Thanks for the replies


----------



## 47_47 (Sep 11, 2007)

Disclaimer, you need to know what your high side readings are. Think of your AC pressure readings as your blood pressure. You need both numbers to get meaningful results. Overcharging can cause the system to rupture.

Put on your gauge, start engine, turn on AC, allow reading to stabilize (record) turn off engine allow to stabilize (record) also record the ambient air temp. Post back your results. 

With the system stabilized and not running, your low side will equal your high side (in psi) and should be approx ambient temp (°F) for a charged system.


----------



## RickyBobby (Nov 19, 2009)

4747, you should just come to my garage and have a look, you're right down the road!

Anyway, thanks for the response. 

I will check the readings and get back on here tomorrow.


----------



## RickyBobby (Nov 19, 2009)

Last night I put the can of 134a into the system.
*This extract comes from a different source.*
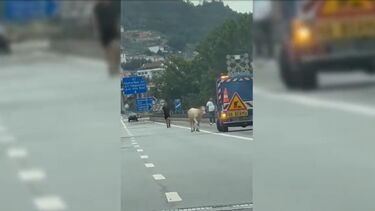 Vaca na A11 em Guimarães condiciona trânsito durante cerca de meia hora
My readings, after running the engine for about 5 minutes with the A/C on high, were:

Without compressor engaged - 45 psi
With compressor engaged - 32 psi

THe temperature was approximately 70 degrees so I think that I am a few psi low. The can shows it should be approximately 35 psi. The good news is that cold air began to flow from the vents.
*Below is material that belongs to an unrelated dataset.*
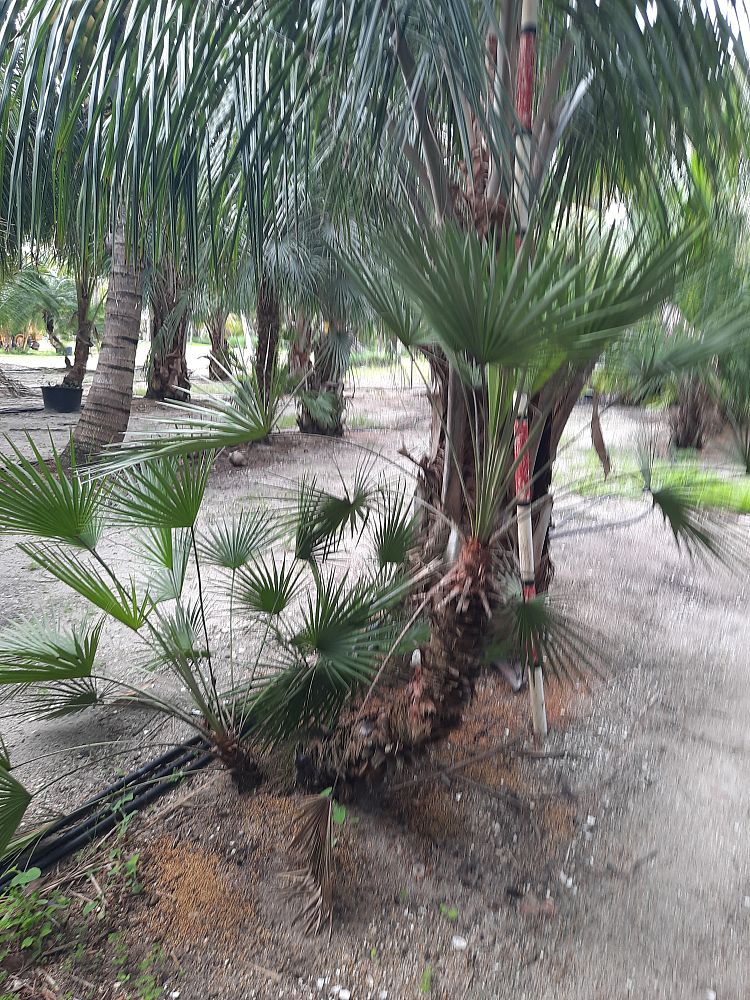 chamaerops-humilis-european-fan-palm-mediterranean-fan-palm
After shutting the engine down, about 10 minutes, the reading was roughly 40psi


----------



## brokenknee (Dec 13, 2008)

In a perfect world everyone would have the right tools for the job. Being this isn't a perfect world you learn to make do with what you have. 

A VERY general rule of thumb for automotive air conditioning; low side 25-45 (30 -35 target range for most) high side 2 to 2 1/2 times the ambient temperature. These reading are when the compressor is running and the air conditioner on high. It is normal for the low side pressure to rise once the system is no longer running since the system is trying to balance out.

You can also charge by vent temps; put your thermometer (the meat type works well) in the center vent, add refrigerant slowly only an oz at a time once you think you are getting close, give it time for the system to stabilize, once the temp no longer drops or starts to rise the system should be pretty close to full. (A slightly undercharged system will give you cooler temps)

Another ball park way to check refrigerant level, measure the inlet and outlet temp on your evaporator line. There should be about a 5 to 10 degree difference from the two.

You should make every attempt to find and repair the leak. There used to be a certain amount the EPA considered acceptable, what that is I do not recall and I am sure they now consider any leak unacceptable.


----------